- [Work request]: Every line from the one holding "map of restaurants, bars, coffee" through the one holding "Bộ vòi sen tắm" in the data below must be returned exactly, both ends included, with pictures left out and nothing else added.

- [Data for review]:
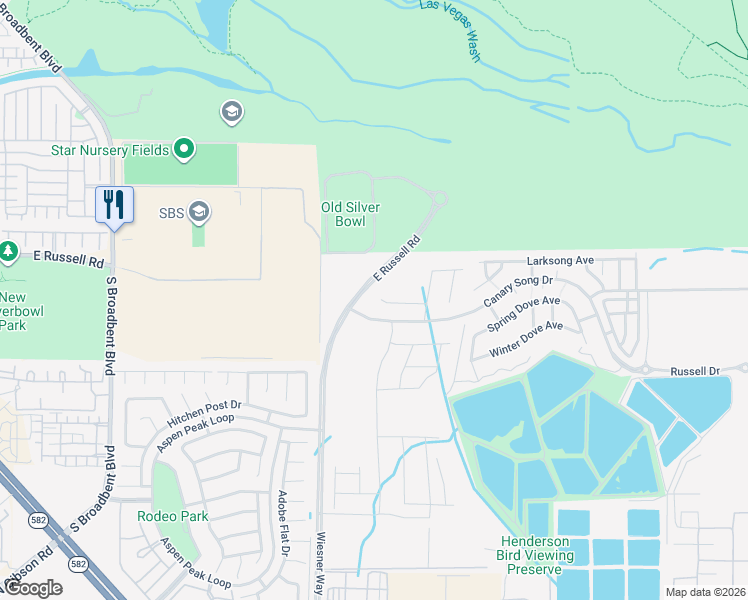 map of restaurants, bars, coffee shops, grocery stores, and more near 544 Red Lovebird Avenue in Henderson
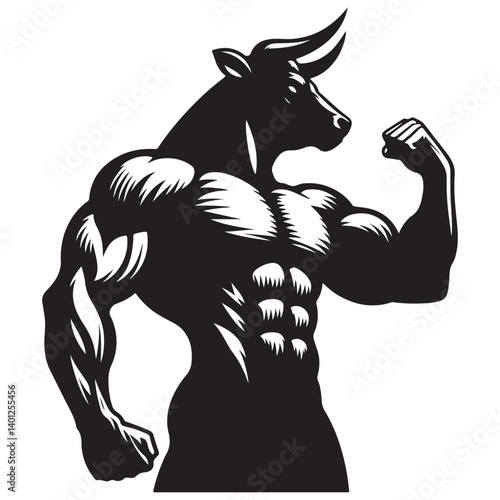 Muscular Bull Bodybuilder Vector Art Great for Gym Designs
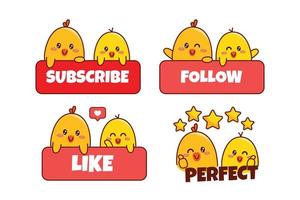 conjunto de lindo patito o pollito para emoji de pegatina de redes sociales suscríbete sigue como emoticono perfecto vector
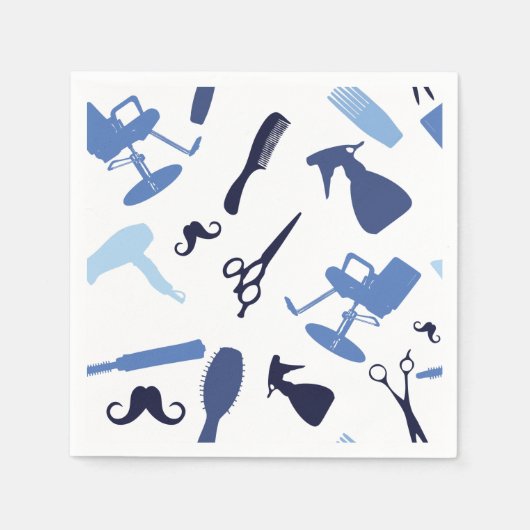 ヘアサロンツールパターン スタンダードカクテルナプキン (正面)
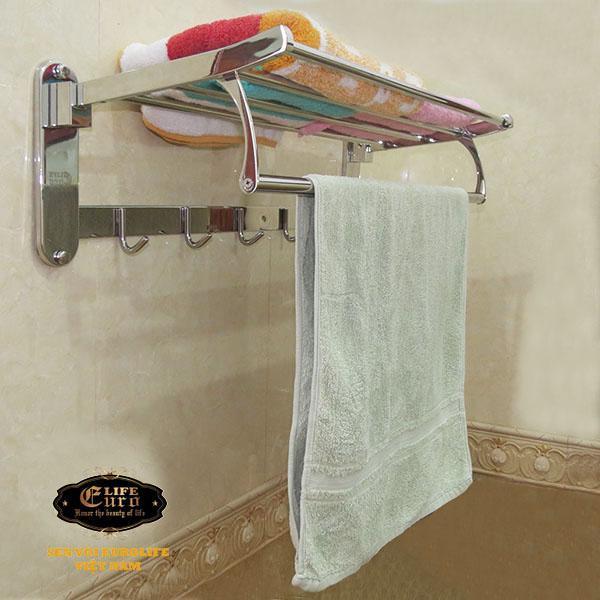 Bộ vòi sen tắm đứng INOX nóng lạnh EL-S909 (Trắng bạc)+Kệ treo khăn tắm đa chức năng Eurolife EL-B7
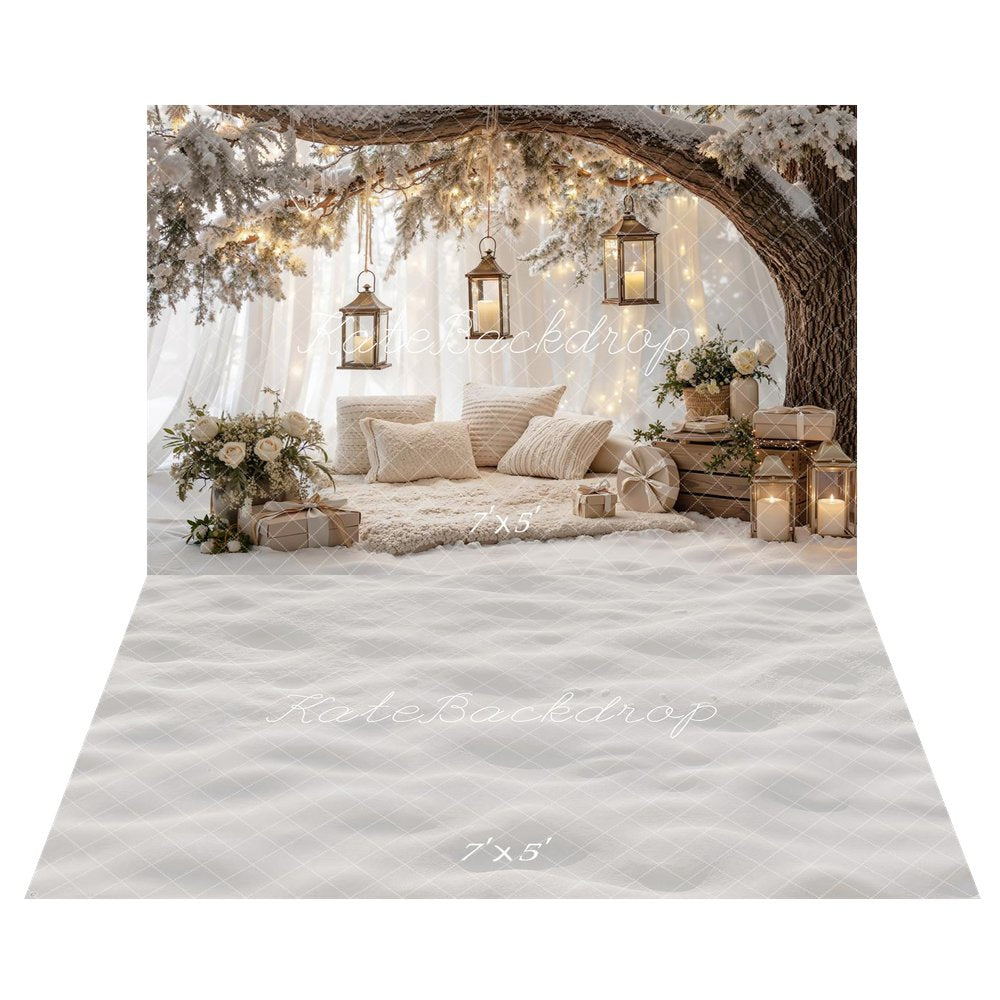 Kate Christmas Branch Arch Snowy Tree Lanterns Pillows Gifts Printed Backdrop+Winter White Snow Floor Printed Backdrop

==

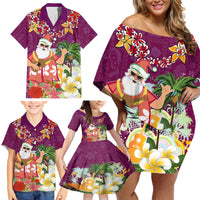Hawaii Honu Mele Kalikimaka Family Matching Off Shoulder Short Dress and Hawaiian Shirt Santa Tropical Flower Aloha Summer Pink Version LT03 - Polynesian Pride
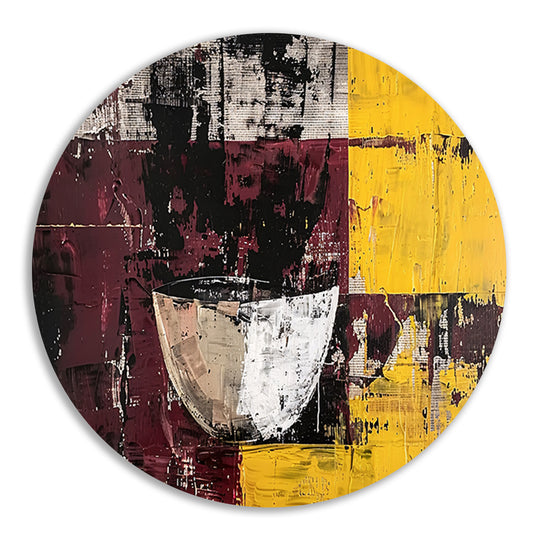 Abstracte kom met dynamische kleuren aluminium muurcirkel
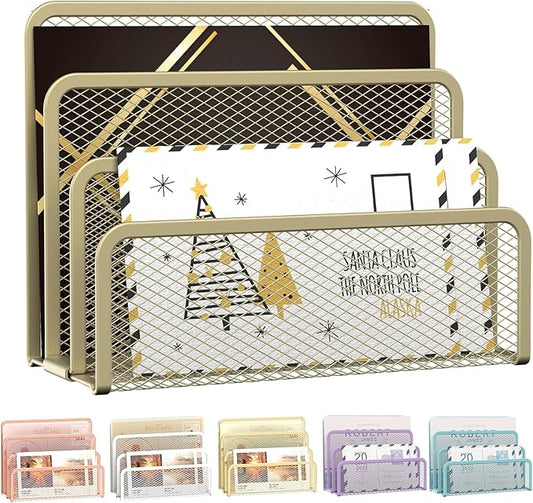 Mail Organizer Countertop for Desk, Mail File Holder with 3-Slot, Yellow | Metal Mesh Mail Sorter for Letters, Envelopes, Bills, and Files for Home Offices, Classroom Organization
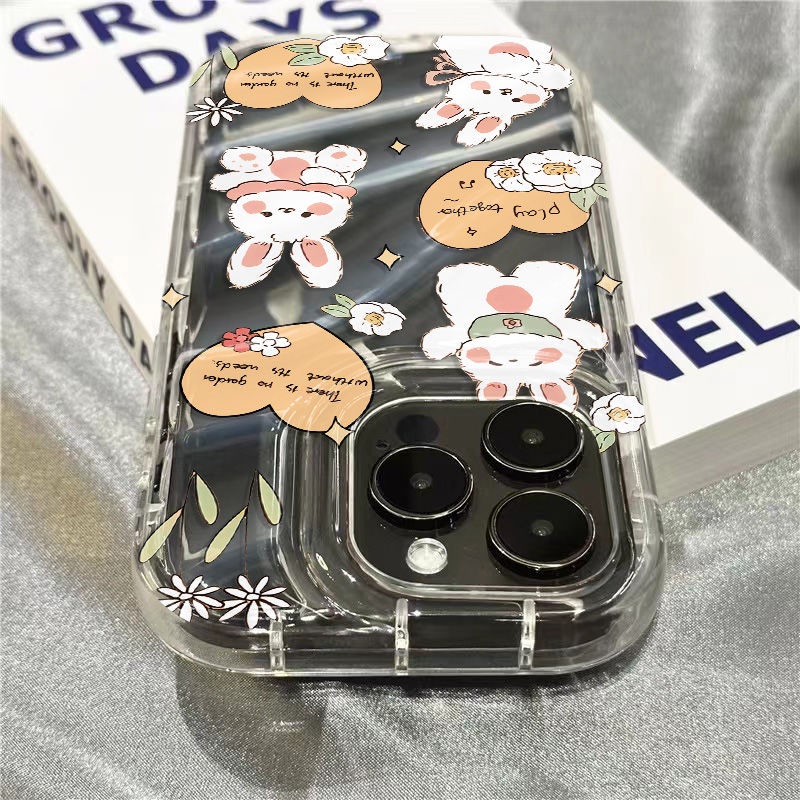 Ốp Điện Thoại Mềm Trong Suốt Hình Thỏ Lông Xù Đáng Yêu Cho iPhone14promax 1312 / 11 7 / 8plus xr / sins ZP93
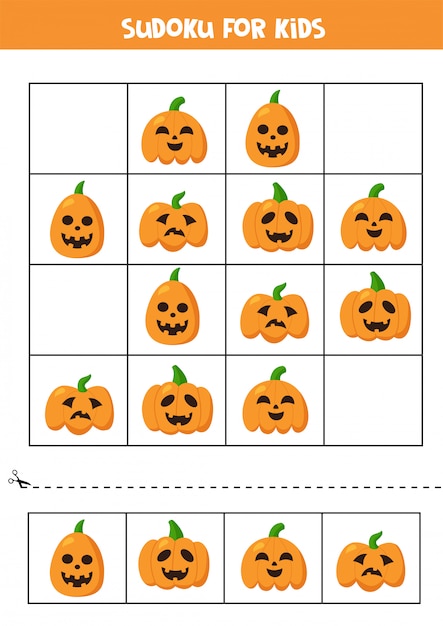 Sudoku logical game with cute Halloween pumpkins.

- [Exercise output]:
 map of restaurants, bars, coffee shops, grocery stores, and more near 544 Red Lovebird Avenue in Henderson
 Muscular Bull Bodybuilder Vector Art Great for Gym Designs
 conjunto de lindo patito o pollito para emoji de pegatina de redes sociales suscríbete sigue como emoticono perfecto vector
 ヘアサロンツールパターン スタンダードカクテルナプキン (正面)
 Bộ vòi sen tắm đứng INOX nóng lạnh EL-S909 (Trắng bạc)+Kệ treo khăn tắm đa chức năng Eurolife EL-B7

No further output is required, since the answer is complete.